We aimed to include a population that is representative for the real-life setting. This resulted in a group of men and women within the age range of 23–78 years. The heterogeneity of this population may have had an impact on the absolute tremor frequencies that we measured. However, we do not expect that this has had an impact on the comparison in performance between the LGA and CPAs because we have performed intra-individual comparisons. This intra-individual comparison makes the outcome insensitive to differences between subjects such as age, sex, and treatment. In a future study, a correlation with clinical scores may be provided such as the TETRAS score to provide a more in-depth profile of the CPA measurements. This was however beyond the scope of this study, in which we focused on the technical feasibility of measurements with CPAs.

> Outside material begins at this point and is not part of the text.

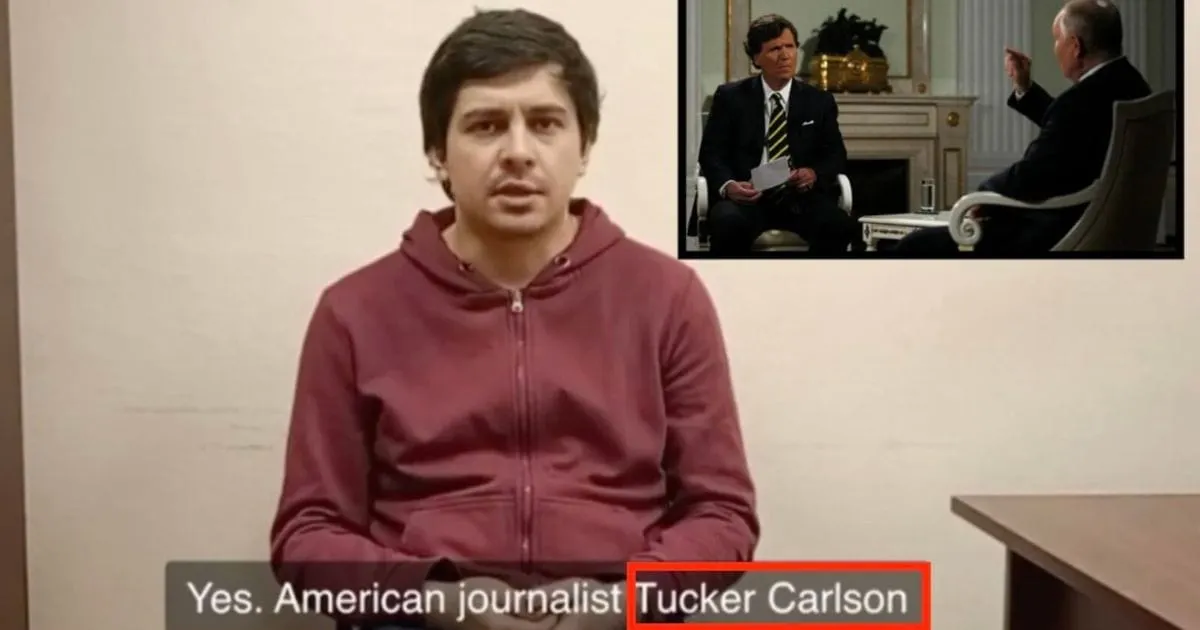 Attempted Assassination of Tucker Carlson? Here Are the Details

Furthermore, it should be noted that the sample size of this study was limited due to the exploratory set-up of this study. However, still a large dataset was obtained that could be used for intra-individual comparisons. This is because tremor was measured in triplicate with each of the devices in two positions, in each subject. This yielded 840 measurements with the LGA, and about 120 measurements with each CPA. Each measurement with CPAs was performed simultaneously with the LGA device, which was regarded the reference measurement. The peak frequency measured with the LGA showed slight changes (increase and decreases) over time (Fig. 3). This could be an effect of tremor change over time during the course of the experiment. We expect that the change over time of the baseline measurement does not have an impact on our findings, because the CPA measurements were each compared to the simultaneously performed LGA measurements, and not to the initial measurement. However, when using the CPAs with intentions for diagnosis, a change over time might impact the result. This should be taken into account when performing repeated measurements.

Conclusion

To conclude, all tested products appeared to be suitable to assess tremor in terms of frequency as they did not significantly differ from the gold standard with regard to peak frequency. The results of the amplitude at peak frequency differed between the LGA and the CPAs. Differences in variability of the measurements were observed, with less variability in resting arm than in extended arm position. For clinical purposes, it may be relevant to detect changes in tremor amplitude, as pharmacological intervention may lead to changes in amplitude rather than in frequency [5]. In order to precisely capture a change in the tremor amplitude, the variability of the amplitude measurement should be as low as possible. The optimal position to measure effects on tremor would be the resting arm position and a cross-over design is recommended to reduce the variability of the measurements.